Kennedy was named the 2024 Postseason WNIT MVP after averaging 22.5 points, 6.3 rebounds, 1.8 assists and 1.8 steals per game. She also set the Saint Louis single-season scoring record and finished the season with 677 points.
“She was just so confident and so patient within our system to find her shots when they came,” Tillett said. “And just for all of us to watch, I mean, we see that in practice so we know that she can do that, but to see her do it so consistently and in such a dominant fashion when the games mean the most.”
Though she’s still getting used to her new MVP title, Kennedy’s grateful for her teammates. “Just being mindful, during the tournament, like this could be our last practice, this could be our last game and just not wanting it to end,” she said.” The seniors that are leaving I’ll only have so many games with them left. And they’re such amazing women, and I wanted to do my best to try and get them their last win in their last [season], to reach the mountaintop and [they] can say — they can leave their college career on a win is something that not everyone can say. So I think doing it for my teammates and just knowing they have my back no matter what, it was a super exciting journey.”
Entering the last week of the regular season, Saint Louis was 11-17, coming off of a 15-point loss to Fordham. The team rattled off three straight wins to end the regular season and two wins in the A-10 Tournament before losing to Rhode Island in the semifinals on March 9. After that loss, the team didn’t know if its season would continue. The Billikens had a record of 16-18 with nonconference wins over Missouri and Missouri State, a win against VCU in the conference tournament, a regular season win against Rhode Island and a seventh-place finish in the A-10. The team would need to wait eight days to find out if they’d play another game.

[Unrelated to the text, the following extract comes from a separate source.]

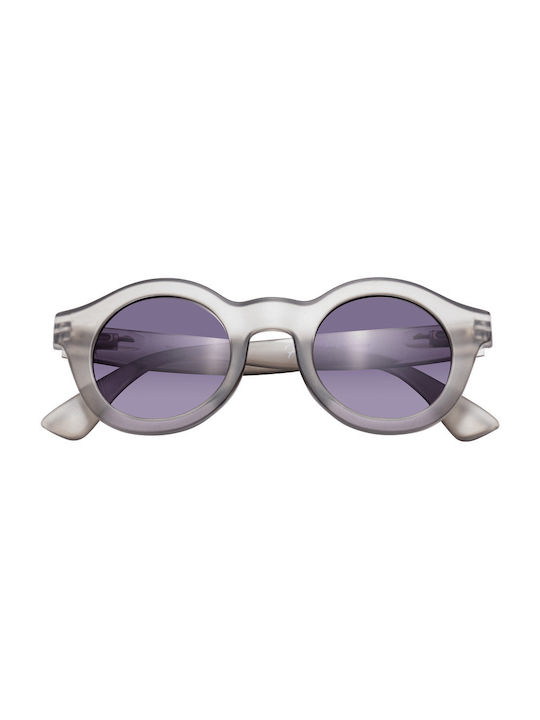 Handmade Sunglasses with Gray Plastic Frame and...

After a couple of days off, coinciding with the school’s spring break, the team returned and practiced twice, not knowing if it would be the last of the season. “We just said together, I think as a group, our leaders like let’s make the best of these two practices, and if we get in then great, it will have been great preparation, and if we don’t get in then these will be kind of our final moments with our graduating seniors,” Tillett said. “And so I think there definitely was emotion tied to that because we weren’t sure if we’d get in. And then when we found out late [on March 17] that we got into the WNIT, we were all in the group message putting memes. And I was yelling in my house like ‘Let’s go.’”

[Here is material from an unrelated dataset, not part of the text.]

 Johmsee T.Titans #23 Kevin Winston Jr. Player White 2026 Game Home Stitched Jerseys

Kennedy added that Tillett would say the group still had a lot to learn and she was right. “We learned so much about ourselves and as a team throughout this entire postseason run,” she said “With even losing in the [A-10 Tournament] semifinal to now winning the [WNIT] championship, like, we’ve learned so much in the past month. … [W]hen you lose in the conference tournament, you can lose your confidence. But I think we all had [the] belief that we were destined for something greater.”
Once the team found out its season would be continuing, it was determined. “If we’re gonna go in this thing. Let’s go do some damage,” Tillett said. Saint Louis won six games, against Central Arkansas, Northern Iowa, Purdue Fort Wayne, Wisconsin, Vermont and Minnesota to win the WNIT championship. Before its 19-point win over the Golden Gophers, the Billikens won its first five WNIT games by a combined 21 points. Its six wins in the WNIT was Saint Louis’ longest win streak of the season.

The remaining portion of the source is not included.